Keşkül: Sadece Tatlı Mı?
Keşkül: Sadece Tatlı Mı?
Keşkül, tasavvuf kültürünün derinliklerinde yer alan, dervişlerin ruhsal yolculuklarının sembolü haline gelmiş bir obje aslında.
Türk Dil Kurumu keşkülü şöyle açıklıyor:
- isim, Üstüne dövülmüş fıstık ve Hindistan cevizi dökülen bir tür süt tatlısı; keşkülüfukara.
- isim, eskimiş, Gezici bazı dervişlerin ve dilencilerin ellerinde tuttukları, Hindistan cevizi kabuğundan, metalden veya abanozdan yapılmış dilenci çanağı.
Bu yazımızda daha çok 2.ve eskimiş olan “tas” anlamında kullanımı üzerine duracağız. Bu sıradan bir tas değil ,bir dönemi ve düşünsel evrimi simgeliyor.
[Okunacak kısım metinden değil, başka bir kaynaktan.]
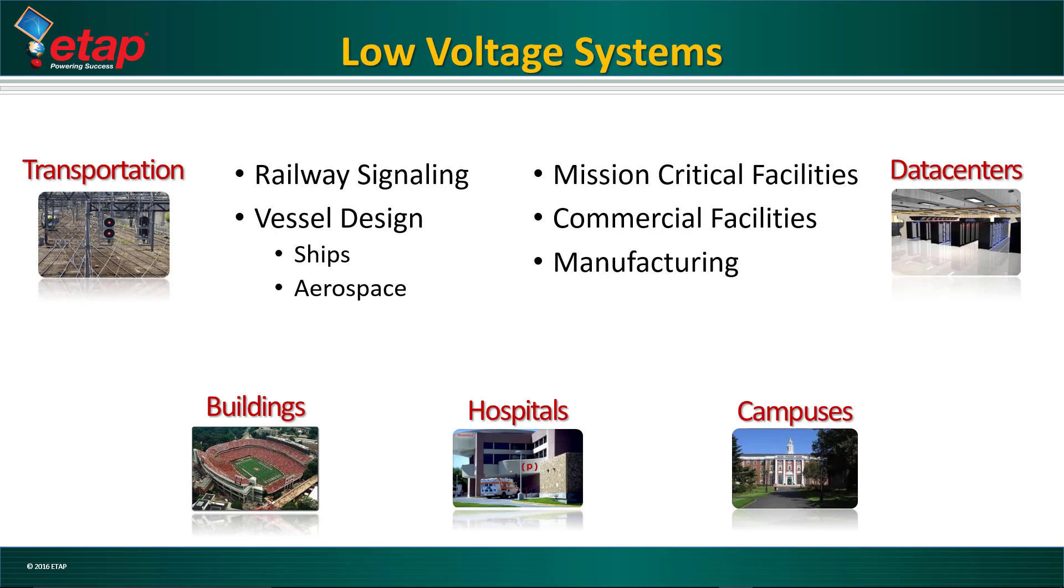Welcome, and thank you for watching this video on ETAP for low voltage systems. This video will provide a quick tour on the ETAP solution for low voltage projects.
Kelime etimolojisine bakıldığında ise keşkül kelimesi Farsçadaki “keşkûl” (کشكول) kelimesinden türetilmiştir ve bu kelime “çanak”, “kab” ya da “fukara tası” anlamına gelir. Arapçaya “fakir” (فَقير) olarak geçmiş, Türkçeye de “fukara çanağı” ya da “yoksul çanağı” olarak yerleşmiştir. Tasavvufî anlamda ise, keşkül, yalnızca bir dilenme aracı değil, bir mürit için önemli bir manevi eğitim aracıdır.
Keşkül, ilk olarak Hindistan’dan İslam dünyasına geliyor. Hint kültüründe, dilenme bir meslekken, İslam’da genellikle hoş karşılanmıyor; fakat tasavvuf dervişleri, nefislerinin kibrinden arınmak için bunu bir araç olarak görüyorlar.

Farklı materyallerden yapılan keşküller, tasavvufî öğretilerin ve tarikatların farklı kültürel bağlamlarıyla şekillenmiştir. Ahşap, metal, cam, hatta Hindistan cevizi kullanılarak yapılan keşküller, biçim açısından da farklılık gösterir. Dışa çekik, içe çekik ya da düz ağızlı, yuvarlak, halka dipli ya da oval gövdeli örnekler, her biri kendi anlamını ve işlevini taşır. Keşkül, zamanla dervişlerin yalnızca dilenme aracı olmaktan çıkıp, su içme kabı, yemek koyma tası ya da para kutusu gibi farklı işlevlerle de kullanılmıştır. Bir bakıma, dervişin günlük yaşamının her anında yanında taşıdığı manevi anlamlar yüklü bir nesne haline gelmiştir.
Keşkülün sembolik anlamı ise çok daha derindir. Derviş, keşkülünü eline aldığında, kendi içsel yolculuğuna başlamış olur. Bu bir bakıma, maddi dünyayı bir kenara bırakıp, manevi yolculuğa çıkma kararıdır. İslamî tasavvufta, dilencilik çoğu zaman bir zorunluluk değil, bir arınma aracıdır. Tasavvufî düşüncede, müritler keşkül ile dilenerek, nefsani arzularından sıyrılır ve Allah’a olan kulluklarını pekiştirirler. Keşkül aynı zamanda dervişin dış dünyaya karşı olan tepkisini de simgeler: Ne tam olarak dilenir, ne de istemez; ama isterken de bir sevgi ve tevazu barındırır.
Keşkülün en çok bilinen örneklerinden biri, Kaygusuz Abdal’ın keşkülüne dair anlatılan bir rivayettir. Kaygusuz Abdal, Mısır sultanından bir dilek istemiş ve keşkülünü pirinçle doldurmasını istemiştir. Sultan bu isteği yerine getirirken, keşkül bir türlü dolmaz. Rivayete göre, keşkül ancak Kaygusuz Abdal’ın şeyhine, “yeter” demesiyle dolmuştur.
Bugün sizlerle paylaşmak istediklerim bu kadar, hepinize sağlıklı günler diliyorum.